Able – Seamless crypto portfolio tracking - kentdebruin
https://chrome.google.com/webstore/detail/able-seamless-portfolio-t/djfkdeheipgmgphoagpbpoinikgljpog
======
kentdebruin
How could we enable retail investors to make rational decisions in these
irrational markets? New crypto investors often lack time, patience and skill
to properly evaluate and research specific digital assets. After all, most
people were FOMO’ing into coins and weren’t rational at all. New investors
were losing money by simple mistakes. They didn’t have a long term strategy,
they took positions in coins without proper research and had sloppy
operational security. Moreover, most new investors bought at the top of hype
and didn’t have the patience to HODL their way to better times. We decided to
research which tools professional investors and fund managers use to raise
their probability of success. How do they play the markets and beat
irrationality? We studied how professional investors and fund managers raise
probability of good returns. They protect themselves against irrationality by
following specific steps: They have a thesis of where the market is heading
They operate by a specific strategy They follow steps to get a good entry
points They gather ongoing research and data about their positions and the
market

Solution We are driven to make crypto investing a more clear and
understandable endeavor. We want to optimize people’s workflow in such a way
that they can make better investment decisions. Just like the professionals.

Able is an intuitive crypto portfolio application for retail investors. It
offers a suite of tools within a clean dashboard that makes it easy to analyze
your portfolio, research new opportunities, and organize your investment work.

Crowd-based coin analysis Our crowd based analysis system offers a framework
where users have the ability to grade different parameters and load standard
fundamental datasets. Users can fill in their own data and gradings or view
the results of all users combined. They are compelled to take the same steps
professionals take before entering a position.

Fundamental analysis We strongly believe that crypto research is all about
fundamentals. Who is the team, what is the product, what are the tokenomics,
what is the social following? Analyzation should go further than technicals.
With Able you can easily research fundamental parameters in our dashboard. In
this way you make make calculated risk decisions based on product, team,
social following, working product or usecase.

Track portfolio performance Able offers a clear picture of your crypto
investments, including the current portfolio and your return on investment
over time. Create several compartments within your portfolio for different
strategies. Get notifications of important events and news based on your
portfolio. Analyze your risk and exposure through multiple pie charts.

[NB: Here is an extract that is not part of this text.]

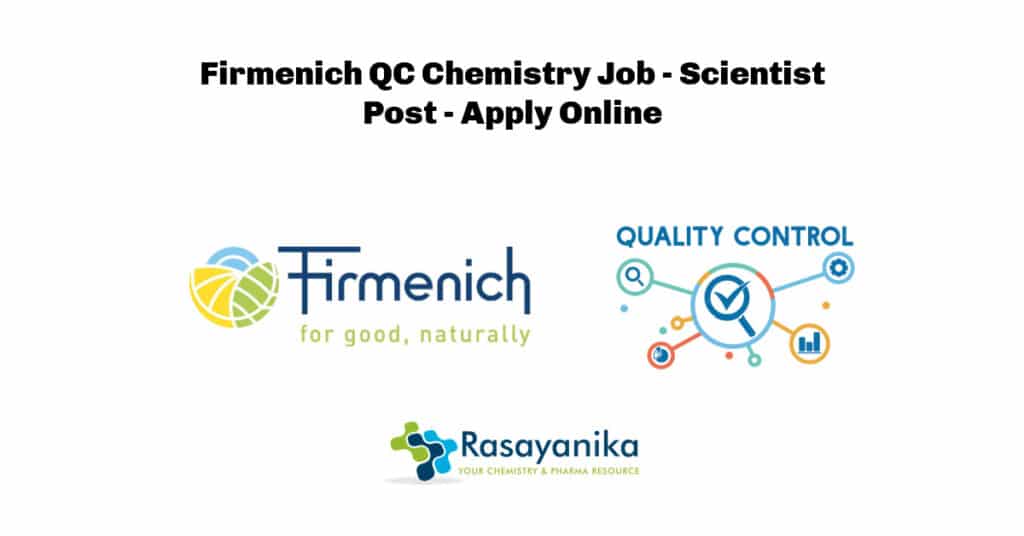 Firmenich QC Chemistry Job Scientist Post Apply Online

Event and news notifications based on your portfolio We provide you with
automatic notifications of important events and news based on your portfolio.
Prices move because of upcoming announcements and by checking these you can
always stay up-to-date.

Auto-sync your transactions Our portfolio tracker automatically syncs your
transaction history across many wallets and exchanges. Exchanges such as
Coinbase, Bittrex, Kraken and Binance offer a read-only access to your trades
and transaction history. This enables us to securely pull this data so we can
automatically update your portfolio. You can also sync your wallet info from
ERC20 tokens and/or manually add alt coins.

Lives under your tab We wanted to make Able as easily accessible as possible.
Monitoring and managing your crypto is often a 24hr endeavour. Able is a
chrome plugin which automatically loads whenever you open a new tab. In this
way you can always manage your portfolio or check the latest prices.